De son côté, Alain Matheron, président de la Communauté de communes du Diois, précise : « ce ne sont pas des terres irrigables, ce sont des terres inondables. Et le prochain PLUi fera plus que compenser la perte des sols ». Le président de la collectivité souligne, « sur ce terrain, on aura 3,8 hectares commercialisés à terme et consacrés aux entreprises. Mais il y a aussi une noyeraie plantée, cette partie est sanctuarisée ».
Le collectif citoyen milite aussi pour l’autonomie alimentaire. Une autonomie mise en péril par la disparition progressive des terres agricoles. « La Communauté de communes communique beaucoup autour du bien-être alimentaire, mais elle continue d’artificialiser les meilleures terres du Diois »,déplore Vincent Paltera.
Pour le président de la Communauté de communes, le problème est plus large.« Sur les treize fermes de Die, dix cherchent des repreneurs. Soixante-trois exploitations ont disparu ces dix dernières années au profit de la déprise agricole ».

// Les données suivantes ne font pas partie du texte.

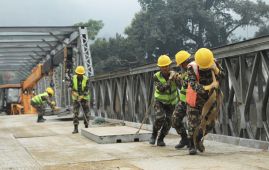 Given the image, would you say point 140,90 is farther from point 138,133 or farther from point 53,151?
point 53,151

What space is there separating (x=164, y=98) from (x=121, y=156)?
1702 mm

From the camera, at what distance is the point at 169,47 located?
56.5 meters

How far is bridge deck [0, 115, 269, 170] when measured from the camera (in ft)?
21.4

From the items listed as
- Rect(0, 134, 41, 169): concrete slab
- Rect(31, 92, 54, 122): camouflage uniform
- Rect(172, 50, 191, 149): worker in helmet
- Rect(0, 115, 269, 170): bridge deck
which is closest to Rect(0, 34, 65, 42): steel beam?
Rect(31, 92, 54, 122): camouflage uniform

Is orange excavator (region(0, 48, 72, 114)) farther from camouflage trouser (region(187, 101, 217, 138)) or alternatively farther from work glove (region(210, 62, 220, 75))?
work glove (region(210, 62, 220, 75))

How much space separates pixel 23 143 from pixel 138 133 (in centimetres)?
239

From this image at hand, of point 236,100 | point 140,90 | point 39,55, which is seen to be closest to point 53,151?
point 236,100

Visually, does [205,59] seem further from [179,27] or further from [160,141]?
[179,27]

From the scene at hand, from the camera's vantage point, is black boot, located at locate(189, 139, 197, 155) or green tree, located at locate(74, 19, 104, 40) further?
green tree, located at locate(74, 19, 104, 40)

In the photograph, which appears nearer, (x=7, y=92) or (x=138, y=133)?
(x=138, y=133)

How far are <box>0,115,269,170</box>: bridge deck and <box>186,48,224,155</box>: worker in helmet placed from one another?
1.21 feet

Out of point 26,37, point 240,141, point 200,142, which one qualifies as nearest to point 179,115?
point 200,142

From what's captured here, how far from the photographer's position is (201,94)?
729cm

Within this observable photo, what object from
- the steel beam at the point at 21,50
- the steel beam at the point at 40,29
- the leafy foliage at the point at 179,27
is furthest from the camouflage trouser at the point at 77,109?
the leafy foliage at the point at 179,27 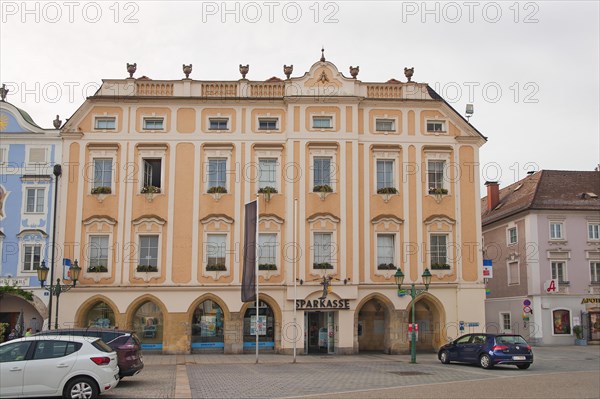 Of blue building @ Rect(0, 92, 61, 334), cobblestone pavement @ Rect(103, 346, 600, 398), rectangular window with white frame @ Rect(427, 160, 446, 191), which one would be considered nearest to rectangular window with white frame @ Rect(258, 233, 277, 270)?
cobblestone pavement @ Rect(103, 346, 600, 398)

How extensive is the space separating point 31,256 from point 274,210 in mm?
12633

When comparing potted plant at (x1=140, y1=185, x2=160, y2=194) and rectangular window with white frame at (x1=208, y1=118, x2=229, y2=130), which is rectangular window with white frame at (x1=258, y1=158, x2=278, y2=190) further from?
potted plant at (x1=140, y1=185, x2=160, y2=194)

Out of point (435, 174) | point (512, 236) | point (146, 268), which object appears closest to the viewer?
point (146, 268)

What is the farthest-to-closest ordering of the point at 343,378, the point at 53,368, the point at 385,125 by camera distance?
1. the point at 385,125
2. the point at 343,378
3. the point at 53,368

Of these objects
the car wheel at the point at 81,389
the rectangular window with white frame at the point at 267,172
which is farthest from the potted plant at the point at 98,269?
the car wheel at the point at 81,389

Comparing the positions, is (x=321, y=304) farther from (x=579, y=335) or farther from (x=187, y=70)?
(x=579, y=335)

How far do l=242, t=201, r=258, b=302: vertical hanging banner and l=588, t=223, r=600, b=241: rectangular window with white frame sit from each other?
27377 mm

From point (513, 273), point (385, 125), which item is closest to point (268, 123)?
point (385, 125)

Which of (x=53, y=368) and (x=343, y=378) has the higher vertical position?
(x=53, y=368)

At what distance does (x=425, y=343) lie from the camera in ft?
124

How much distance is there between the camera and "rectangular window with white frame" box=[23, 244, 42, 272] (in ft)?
117

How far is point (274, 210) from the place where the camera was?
121 feet

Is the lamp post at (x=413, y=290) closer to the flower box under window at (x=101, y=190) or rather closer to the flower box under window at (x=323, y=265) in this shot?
the flower box under window at (x=323, y=265)

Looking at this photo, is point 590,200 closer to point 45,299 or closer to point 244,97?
Answer: point 244,97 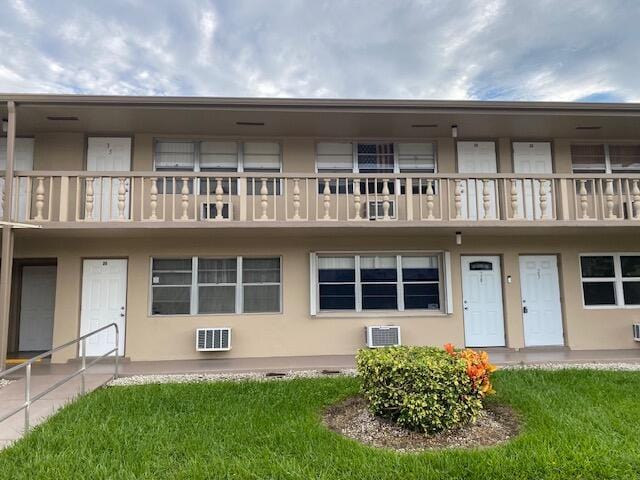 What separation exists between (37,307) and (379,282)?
25.2ft

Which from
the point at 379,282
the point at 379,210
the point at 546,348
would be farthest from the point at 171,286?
the point at 546,348

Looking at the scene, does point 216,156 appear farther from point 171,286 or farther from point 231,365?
point 231,365

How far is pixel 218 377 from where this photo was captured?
22.4ft

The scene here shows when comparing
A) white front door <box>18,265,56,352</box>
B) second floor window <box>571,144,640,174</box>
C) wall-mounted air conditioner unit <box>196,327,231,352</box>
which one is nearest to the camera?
wall-mounted air conditioner unit <box>196,327,231,352</box>

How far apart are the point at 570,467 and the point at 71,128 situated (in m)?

Très technique, le dossier est aussi très sensible. Les positions semblent irréconciliables. « On est dans la symbolique, avec des gens qui défendent presque des croyances », avance l’élu. Ce dernier ne cache pas sa colère, dénonçant des positions militantes qui « desservent la cause écologiste ». « Je respecte leurs opinions, mais je ne partage pas leur vision de la société à court terme, » explique Alain Mathelon.
Morcellement vs aménagement progressif
Le site concerné par l’extension de la ZA est un terrain d’un peu plus de quatre hectares qui jouxte l’actuelle zone de Cocause. Pour Vincent Paltera, ce terrain fait moins de cinq hectares. Selon l’agriculteur, c’est le seuil qui dispense de faire une étude d’impact. « On trouve qu’il y a une hypocrisie à saucissonner les projets pour éviter les études d’impact », explique-t-il. « C’est un enjeu local, mais ça risque de se reproduire un peu partout. Les projets de moins de cinq hectares représentent l’essentiel des projets d’artificialisation en France, » assure l’agriculteur.
Du côté de la collectivité, on s’inscrit en faux : « l’étude environnementale a été réalisée sur l’ensemble de la zone. Il y a eu une étude de gestion de la tulipe sauvage ». Des études menées au moment de l’acquisition des terrains, explique l’élu.
Quant à l’argument du morcellement du projet : « on a choisi d’aménager progressivement. La première zone sud est quasi pleine. Sur la zone nord, les problèmes environnementaux avec un plan de gestion de la tulipe sauvage, les problèmes hydrologiques et les problèmes archéologiques ont été traités. On est à présent sur l’aménagement final, la mise en place des réseaux », souligne Alain Matheron. Les travaux pourraient probablement débuter dans la deuxième quinzaine de juin.
Projet économique et terrain d’entente
Outre la marchandisation des terres arables, le collectif évoque aussi un projet inadapté au territoire du Diois. La Tulipe Sauvage dénonce également « un modèle économique des années 80″, particulièrement gourmand en terres agricoles.
Sur ces deux points, le président de la collectivité répond « besoins des entreprises du territoire » et « gestion raisonnée et maîtrisée du foncier« . « Quand une entreprise souhaite se développer et acquérir sur Chamarges, on met dans la balance la propriété qu’il abandonne. C’est un jeu de chaise musicale », explique Alain Mathelon qui précise que la collectivité travail avec l’établissement foncier Epora.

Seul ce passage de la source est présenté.